# Bakewell



## Kyle T (Jan 6, 2016)

Have to make an unexpected trip to Bakewell tomorrow and so thought i'd find time for a coffee, if there is anywhere nice of course? A quick google search shows a few cafes but their websites are all links to Facebook which doesn't give much insight.

Hopefully Bakewell is more to @Missy tastes too!







:exit:


----------



## Missy (Mar 9, 2016)

Did I ever say I didn't like skagness? Maybe I was suggesting you need a new girlfriend (me!) To take with you to that glorious coastal gem....
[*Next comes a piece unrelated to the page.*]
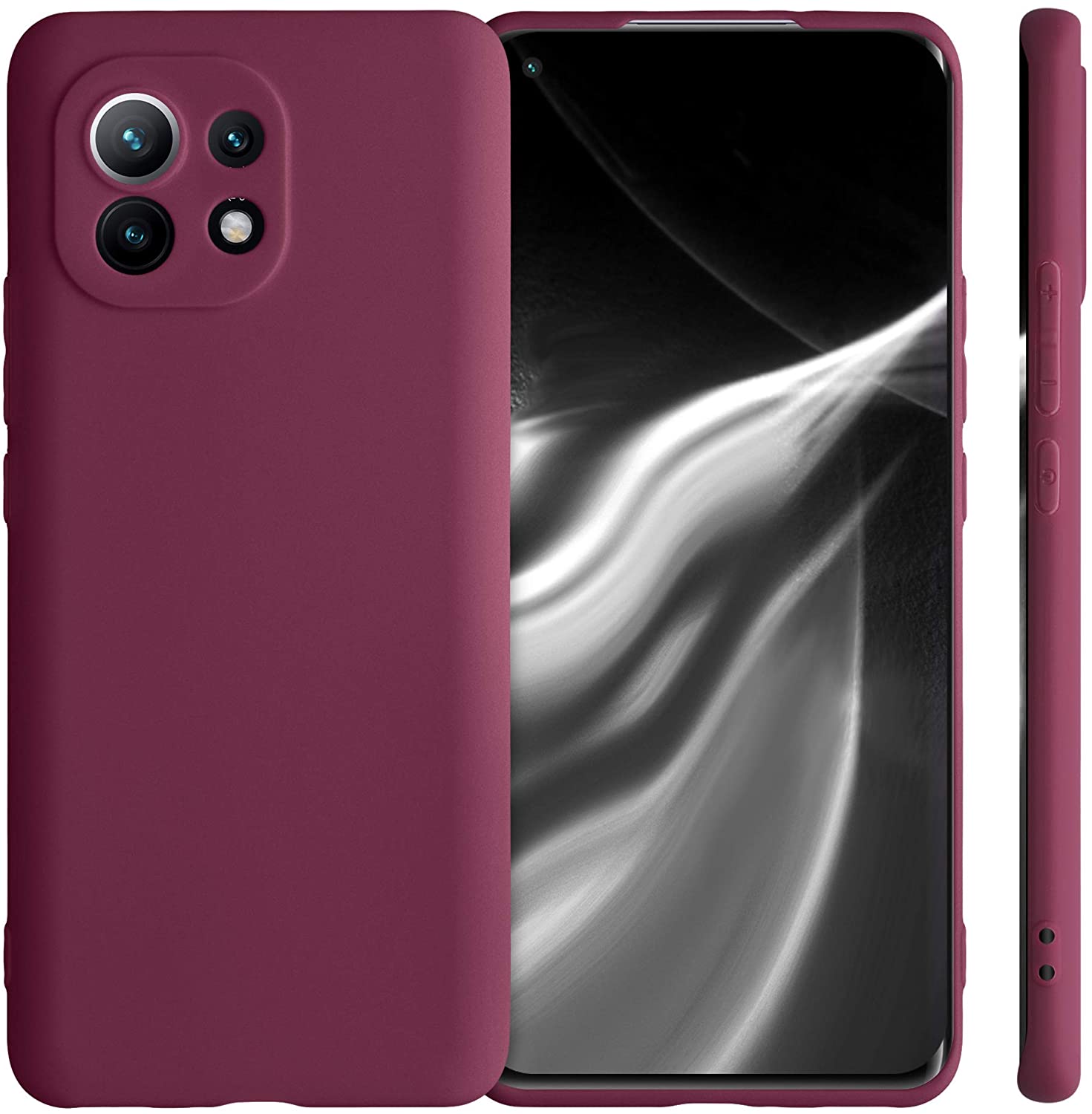 KW Xiaomi Mi 11 Θήκη Σιλικόνης TPU - Bordeaux Purple - 54188.187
Yes I approve of bakewell. Though not been for years, and can't help on the coffee front there used to be an amazing German sausage shop cafe.


----------



## DavecUK (Aug 6, 2013)

I'd get a Bakewell Tart while your there.


----------



## ronsil (Mar 8, 2012)

DavecUK said:


> I'd get a Bakewell Tart while your there.


....errr...Bakewell Pudding to be exact.


----------



## Kyle T (Jan 6, 2016)

Missy said:


> Did I ever say I didn't like skagness? Maybe I was suggesting you need a new girlfriend (me!) To take with you to that glorious coastal gem....
> 
> Yes I approve of bakewell. Though not been for years, and can't help on the coffee front there used to be an amazing German sausage shop cafe.
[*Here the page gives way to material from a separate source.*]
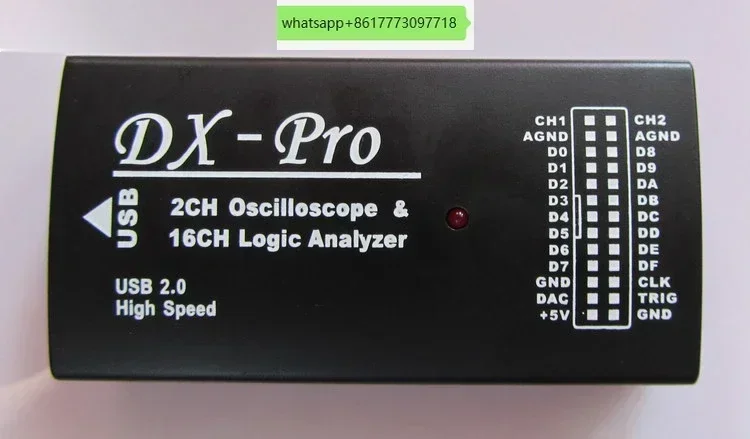 

Виртуальный USB-осциллограф DX Pro + 16-канальный логический анализатор, выборка 24M USBee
You actually said find a new girlfriend who hates the sea.








But I'm not keeping track or anything







.

Im definitely getting a Bakewell tart (pudding!)


----------



## 4515 (Jan 30, 2013)

Kyle T said:


> You actually said find a new girlfriend who hates the sea.
> 
> 
> 
> ...


Wasn't it 'find a new girlfriend who hates tea ?'


----------



## Missy (Mar 9, 2016)

DavecUK said:


> I'd get a Bakewell Tart while your there.
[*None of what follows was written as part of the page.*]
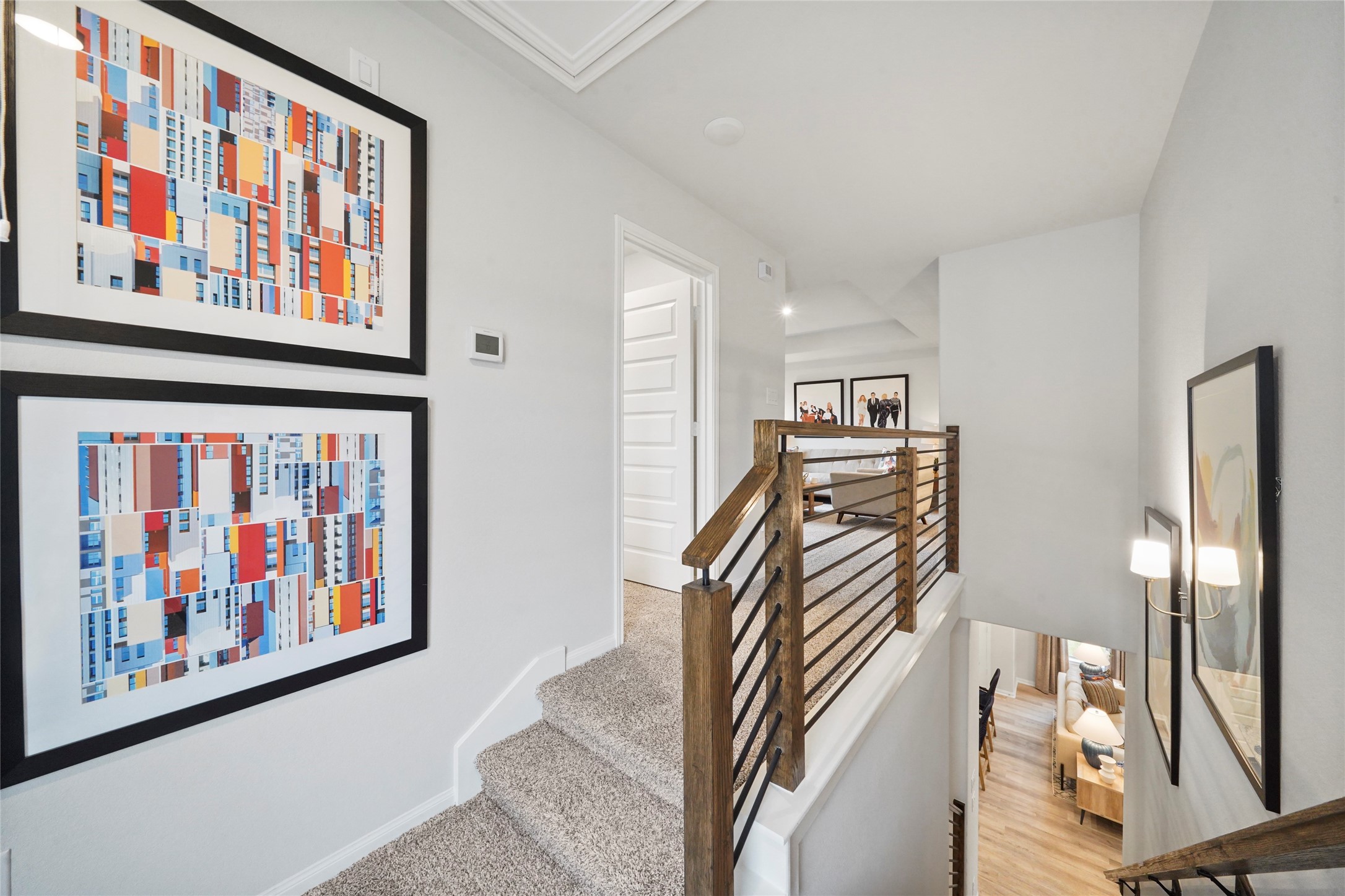 604 Danielle Dayton, TX 77535 - Photo 30 of 34 a view of a hallway with wooden floor and windows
Well I sniggered anyway. You pudding! This lot need less discreet smut I think.



working dog said:


> Wasn't it 'find a new girlfriend who hates tea ?'


No it was find a new girlfriend who hates Smee (and all other Peter pan references)


----------



## R6GYY (Nov 22, 2015)

When my g/f and I stopped in Bakewell on the way back from somewhere (ooh - nearly 2 years ago now), we had a drink upstairs in the http://www.tirolerstuberl.co.uk/ (Austrian coffee shop and sausage importer). It looked quite enticing from the outside, and we had a pleasant experience there.

I went for a French press / cafetiere - it would almost certainly have been the Monsoon Malabar I went for. Sadly, I can't really remember whether it was good, bad or indifferent! But they do have a variety of coffees on offer so might be worth a punt for you.


----------



## Missy (Mar 9, 2016)

R6GYY said:


> When my g/f and I stopped in Bakewell on the way back from somewhere (ooh - nearly 2 years ago now), we had a drink upstairs in the http://www.tirolerstuberl.co.uk/ (Austrian coffee shop and sausage importer). It looked quite enticing from the outside, and we had a pleasant experience there.
> 
> I went for a French press / cafetiere - it would almost certainly have been the Monsoon Malabar I went for. Sadly, I can't really remember whether it was good, bad or indifferent! But they do have a variety of coffees on offer so might be worth a punt for you.


Or drink the imported pop. It's scrummy, this is where we went!


----------